DEUX ANS QUE ÇA DURE. Deux ans que les enseignants et les internes, les étudiants et les jeunes généralistes réclament une filière universitaire pour leur discipline. Ils représentent près de la moitié des médecins en activité et des internes en formation. La médecine générale est devenue une spécialité en 2004 avec la création d'un diplôme d'études spécialisées (DES) aux épreuves classantes nationales (ECN).
En dépit de ces avancées, la médecine générale reste un parent pauvre de l'université française. A peine a-t-elle obtenu en octobre 2006 le droit d'exister au Conseil national des universités (CNU) avec la création d'une option de médecine générale. Les récents rapports Lancry sur les conséquences de la spécialisation de la discipline ou encore celui des Inspections générales des affaires sociales (Igas) et de l'administration de l'Education nationale et de la Recherche (Igaenr) ont montré l'ampleur des obstacles qu'il faudra franchir pour faire de la médecine générale une spécialité à part entière.
Après les manifestations des généralistes enseignants, les mouvements de grève des internes soutenus par les étudiants et les jeunes généralistes, le gouvernement a bien annoncé la titularisation de dix généralistes enseignants par an pendant trois ans. Des postes de chef de clinique doivent également voir le jour d'ici à deux ans dans toutes les facultés de France (« le Quotidien » du 15 janvier). Au rythme où vont les choses, la médecine générale devrait rester une spécialité au rabais pendant bien des années encore. C'est à un moment crucial, alors que se profilent des élections qui pourraient bouleverser le paysage politique du pays, que les acteurs du dossier ont décidé de s'adresser au gouvernement pour faire bouger les choses. «Au moment où les rapports officiels se succèdent pour attester la réalité de ces besoins, il est incompréhensible que les moyens élémentaires pour la formation ne soient toujours pas à la hauteur des besoins élémentaires, écrivent l'Isnar-IMG, le Cnge, l'Anemf, le Snemg et le Snjmg (1) à Philippe Bas et à François Goulard. Vous savez que ces réformes sont indispensables au moment où la désaffection de la discipline par les étudiants annonce une catastrophe démographique à court terme. Les mesures annoncées ne sont pas à la hauteur des problèmes posés.»
Une réforme inachevée.
Les auteurs de la lettre ouverte déplorent de ne pouvoir mettre en place le stage d'externat en médecine générale dès l'an prochain. «Nous sommes toujours dans l'incapacité de savoir avec quels moyens seront formés les maîtres de stage qui encadreront les externes, nous ignorons leur rémunération et la clarification du circuit de paiement, et nous nous heurtons à votre refus pour débloquer les postes d'enseignants généralistes associés et titulaires qui permettraient d'assumer les tâches d'organisation, de formation et d'encadrement. La mise en place de ce stage nous semble extrêmement difficile.»

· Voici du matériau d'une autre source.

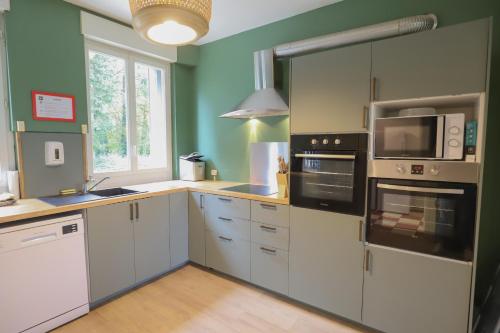 ห้องครัว, Crazy Villa Radar 89 - Heated pool - Multisports field - 2h Paris - 30p in ชาบลิ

Les auteurs estiment que le retard considérable de la mise en place effective de la filière universitaire de médecine générale nécessite «des mesures statutaires transitoires pour pouvoir nommer les premiers chefs de clinique et les premiers titulaires universitaires à la rentrée prochaine. Leur caractère transitoire sera nécessairement insatisfaisant et le chantier sur le statut définitif doit être ouvert dès maintenant», écrivent-ils.
Internes et enseignants jugent que la création de la filière aurait dû se concrétiser par la programmation d'un plan d'intégration d'enseignants titulaires de médecine générale dans toutes les facultés. «Votre plan aboutit à ce qu'il n'y ait même pas un seul titulaire de cette discipline dans toutes les facultés dans trois ans!», regrettent-ils.
Les enseignants dénoncent l'absence de revalorisation des honoraires pédagogiques des enseignants clinique associés bloqués depuis l'origine en 1997, l'absence d'ouverture de postes d'associé pour permettre le fonctionnement des départements de médecine générale. Internes et étudiants souhaitent que le stage réalisé en ambulatoire pendant le 3e cycle (le Saspas) puisse être accessible à tous les internes qui le souhaitent et non plus à 30 % d'entre eux, comme c'est le cas aujourd'hui.
Plus que des promesses, ce sont maintenant des actes forts que les enseignants, les internes, les étudiants et les professionnels attendent.
(1) La lettre ouverte est signée par l'Intersyndicale nationale autonome représentative des internes de médecine générale (Isnar-IMG), le Collège national des généralistes enseignants (Cnge), l'Association nationale des étudiants en médecine de France (Anemf), le Syndicat national des enseignants de médecine générale (Snemg) et le Syndicat national des jeunes médecins généralistes (Snjmg).